Le risque clé est qu'un choc de stagflation — où la croissance stagne et l'inflation reste élevée — frappe de manière disproportionnée les entreprises les plus endettées, dont beaucoup opèrent dans des secteurs cycliques comme l'énergie et la distribution. Le conflit au Moyen-Orient ajoute une couche d'incertitude, perturbant potentiellement les chaînes d'approvisionnement et poussant les prix de l'énergie à la hausse. Cela pourrait accélérer la détérioration de la qualité du crédit, en particulier pour les entreprises ayant déjà des bilans fragiles. Les banques centrales sont confrontées à un arbitrage difficile : un resserrement supplémentaire pour freiner l'inflation pourrait plonger l'économie en récession, tandis qu'un assouplissement prématuré pourrait raviver les pressions sur les prix.

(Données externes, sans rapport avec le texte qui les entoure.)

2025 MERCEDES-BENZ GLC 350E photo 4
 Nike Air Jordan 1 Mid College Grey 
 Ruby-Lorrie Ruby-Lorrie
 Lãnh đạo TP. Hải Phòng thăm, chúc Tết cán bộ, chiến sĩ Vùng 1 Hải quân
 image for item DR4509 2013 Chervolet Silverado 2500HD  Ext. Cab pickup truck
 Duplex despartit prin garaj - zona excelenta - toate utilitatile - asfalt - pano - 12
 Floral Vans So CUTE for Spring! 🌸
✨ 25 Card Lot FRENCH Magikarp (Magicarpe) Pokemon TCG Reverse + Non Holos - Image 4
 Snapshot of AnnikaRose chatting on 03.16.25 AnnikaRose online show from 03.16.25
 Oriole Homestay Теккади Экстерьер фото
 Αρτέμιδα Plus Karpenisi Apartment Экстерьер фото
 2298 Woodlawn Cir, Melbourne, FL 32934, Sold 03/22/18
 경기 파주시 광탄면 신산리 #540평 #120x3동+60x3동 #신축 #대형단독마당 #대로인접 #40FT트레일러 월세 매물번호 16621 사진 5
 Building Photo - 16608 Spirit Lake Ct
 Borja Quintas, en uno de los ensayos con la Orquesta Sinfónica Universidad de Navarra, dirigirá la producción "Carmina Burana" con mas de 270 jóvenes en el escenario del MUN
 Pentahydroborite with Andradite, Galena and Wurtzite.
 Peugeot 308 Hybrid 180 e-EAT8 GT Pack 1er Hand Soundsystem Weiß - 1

Les investisseurs doivent surveiller les prochaines publications de résultats d'entreprises et de données économiques, en particulier l'IPC et les chiffres de l'emploi américains, qui façonneront la trajectoire politique de la Fed. Tout signe d'un ralentissement plus marqué pourrait déclencher une réévaluation du risque de crédit, les obligations high-yield en supportant le poids. Les commentaires de Herr soulignent la nécessité d'un positionnement sélectif sur les marchés du crédit, en privilégiant les émetteurs de meilleure qualité jusqu'à ce que les perspectives macroéconomiques s'éclaircissent.